■ **MATERIAL FOR THIS TASK**:
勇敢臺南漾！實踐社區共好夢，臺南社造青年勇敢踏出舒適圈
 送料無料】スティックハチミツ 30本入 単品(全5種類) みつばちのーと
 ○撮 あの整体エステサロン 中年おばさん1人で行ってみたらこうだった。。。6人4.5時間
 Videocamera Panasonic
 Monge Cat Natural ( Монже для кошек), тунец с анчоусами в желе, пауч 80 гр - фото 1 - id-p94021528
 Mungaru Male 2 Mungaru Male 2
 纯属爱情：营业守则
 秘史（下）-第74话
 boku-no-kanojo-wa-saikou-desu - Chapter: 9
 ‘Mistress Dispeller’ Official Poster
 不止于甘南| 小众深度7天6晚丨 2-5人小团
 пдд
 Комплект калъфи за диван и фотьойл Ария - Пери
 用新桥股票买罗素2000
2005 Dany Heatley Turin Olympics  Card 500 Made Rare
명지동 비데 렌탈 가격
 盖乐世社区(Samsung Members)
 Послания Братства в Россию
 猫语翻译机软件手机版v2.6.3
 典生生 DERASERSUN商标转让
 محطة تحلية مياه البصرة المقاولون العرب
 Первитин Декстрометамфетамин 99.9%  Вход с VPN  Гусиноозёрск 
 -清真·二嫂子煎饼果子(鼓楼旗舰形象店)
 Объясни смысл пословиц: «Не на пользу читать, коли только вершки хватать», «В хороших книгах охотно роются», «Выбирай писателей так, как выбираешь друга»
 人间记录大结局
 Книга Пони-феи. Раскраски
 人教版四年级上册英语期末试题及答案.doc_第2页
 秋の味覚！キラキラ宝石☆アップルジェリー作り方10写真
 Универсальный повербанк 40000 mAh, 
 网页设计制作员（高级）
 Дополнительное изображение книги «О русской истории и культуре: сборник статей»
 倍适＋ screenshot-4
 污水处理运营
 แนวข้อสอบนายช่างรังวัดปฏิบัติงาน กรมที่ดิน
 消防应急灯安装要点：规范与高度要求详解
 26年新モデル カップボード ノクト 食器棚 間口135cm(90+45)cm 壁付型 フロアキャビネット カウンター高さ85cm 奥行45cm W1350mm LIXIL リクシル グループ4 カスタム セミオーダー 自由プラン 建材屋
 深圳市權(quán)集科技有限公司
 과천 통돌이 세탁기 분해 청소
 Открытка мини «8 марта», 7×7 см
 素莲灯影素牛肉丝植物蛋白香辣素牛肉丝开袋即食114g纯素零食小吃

■ **AIM OF THE EXERCISE**: Start at the line containing "Книга Пони-феи. Раскраски" and transcribe through the end of the entries. Please keep both ends and add nothing.

■ **THE ANSWER**:
 Книга Пони-феи. Раскраски
 人教版四年级上册英语期末试题及答案.doc_第2页
 秋の味覚！キラキラ宝石☆アップルジェリー作り方10写真
 Универсальный повербанк 40000 mAh, 
 网页设计制作员（高级）
 Дополнительное изображение книги «О русской истории и культуре: сборник статей»
 倍适＋ screenshot-4
 污水处理运营
 แนวข้อสอบนายช่างรังวัดปฏิบัติงาน กรมที่ดิน
 消防应急灯安装要点：规范与高度要求详解
 26年新モデル カップボード ノクト 食器棚 間口135cm(90+45)cm 壁付型 フロアキャビネット カウンター高さ85cm 奥行45cm W1350mm LIXIL リクシル グループ4 カスタム セミオーダー 自由プラン 建材屋
 深圳市權(quán)集科技有限公司
 과천 통돌이 세탁기 분해 청소
 Открытка мини «8 марта», 7×7 см
 素莲灯影素牛肉丝植物蛋白香辣素牛肉丝开袋即食114g纯素零食小吃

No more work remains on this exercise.